- Activity -
A faithful transcript of all the lines below, with no pictures, is the goal here.

- Recorded information -
+ + + + + + +

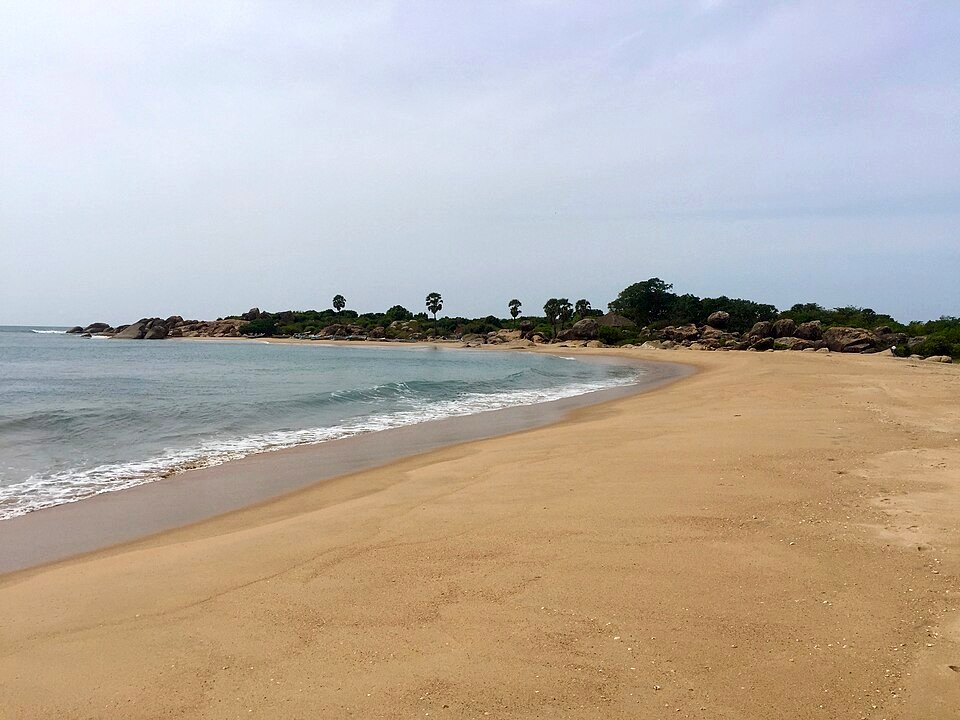 Surf and golden sands at Whiskey Point, Arugam Bay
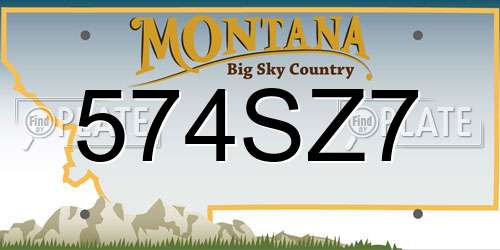 574SZ7 Montana License Plate
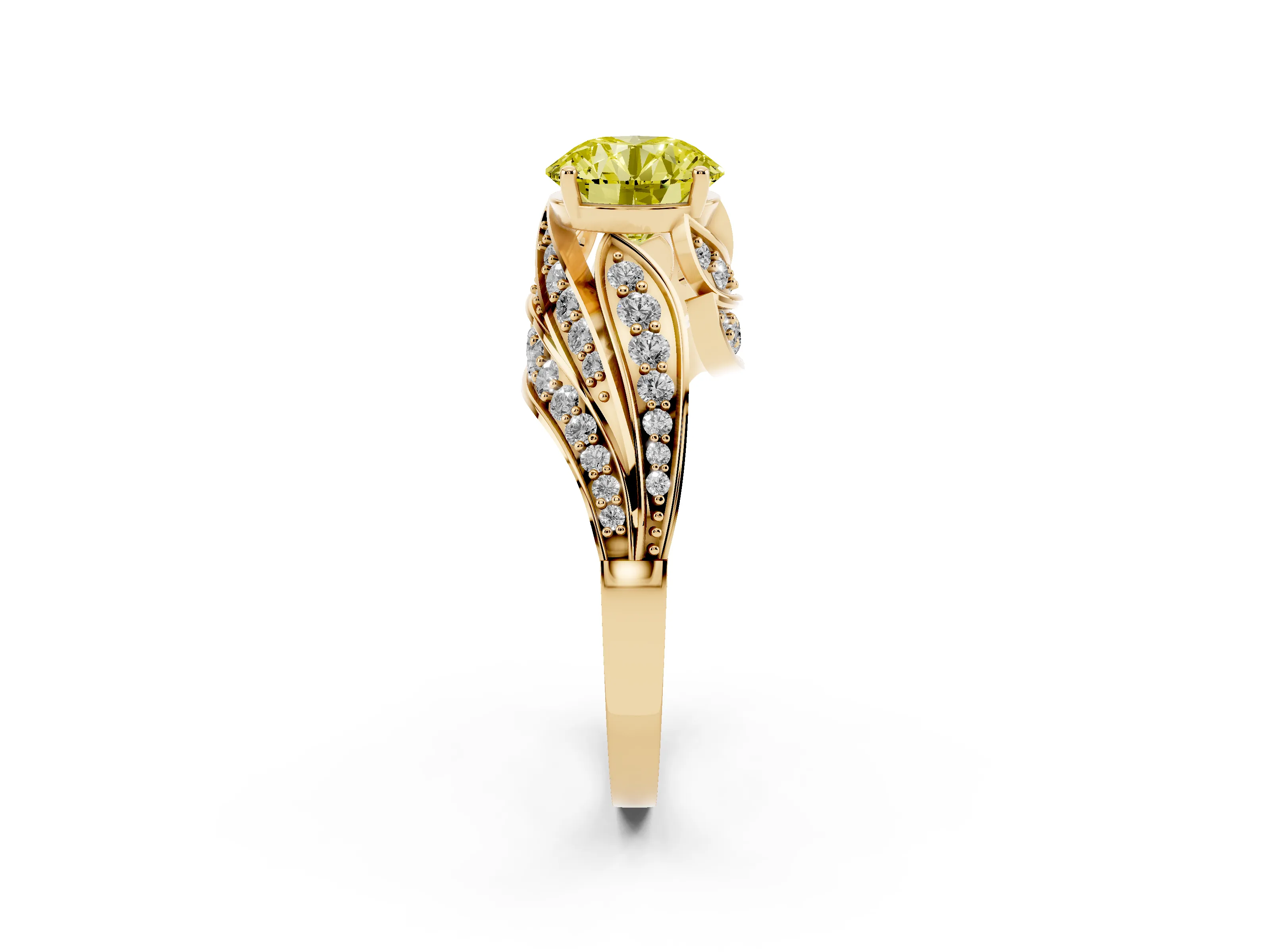 Fancy Yellow Round Cut Diamond Solitaire Ring Set in Yellow gold with Layered Twist Pavé Band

+ + + + + + +

- Solved exercise -
 Surf and golden sands at Whiskey Point, Arugam Bay
 574SZ7 Montana License Plate
 Fancy Yellow Round Cut Diamond Solitaire Ring Set in Yellow gold with Layered Twist Pavé Band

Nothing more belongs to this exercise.